**Exercise goal:** Copy the listing below exactly, but skip the pictures.

**Information supplied:**
+===+
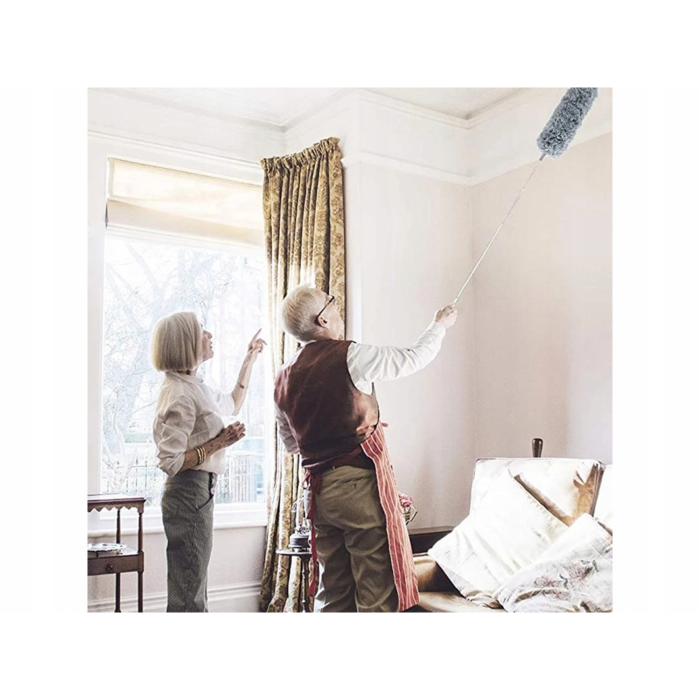 Pamatuf pentru praf VarioShop®, maner extensibil pana la 280 cm, ideala pentru pereti, tavane, candelabre, colturi greu accesibile, mobilier inalt, material microfibra, antiderapant, Gri [15]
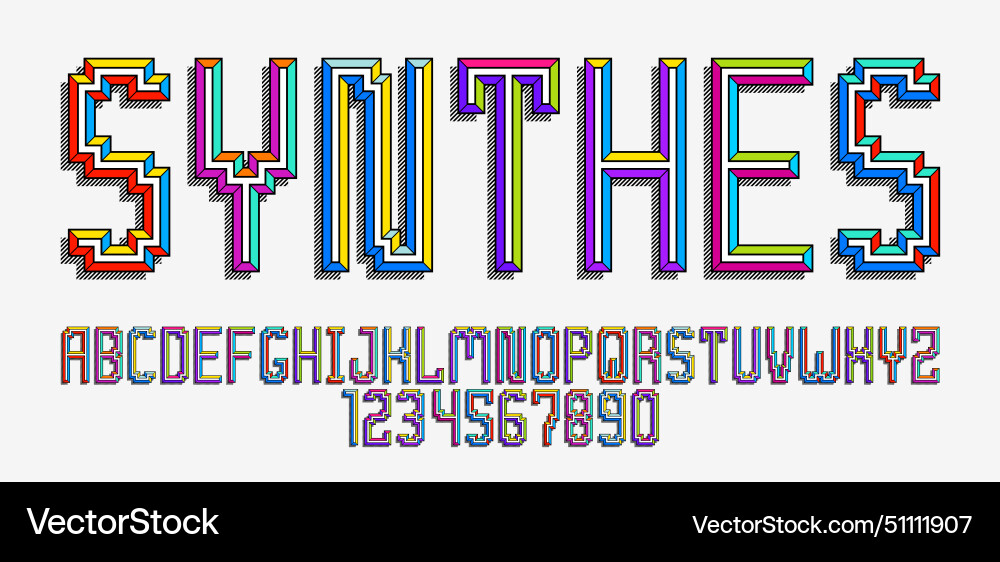 Child constructor colorful minimal square font Child constructor colorful minimal square font vector image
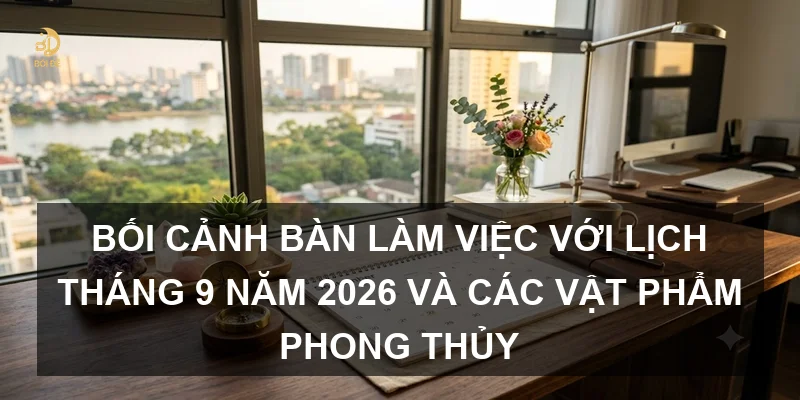 Bối cảnh bàn làm việc với lịch tháng 9 năm 2026 và các vật phẩm phong thủy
+===+
**Exercise result:**
 Pamatuf pentru praf VarioShop®, maner extensibil pana la 280 cm, ideala pentru pereti, tavane, candelabre, colturi greu accesibile, mobilier inalt, material microfibra, antiderapant, Gri [15]
 Child constructor colorful minimal square font Child constructor colorful minimal square font vector image
 Bối cảnh bàn làm việc với lịch tháng 9 năm 2026 và các vật phẩm phong thủy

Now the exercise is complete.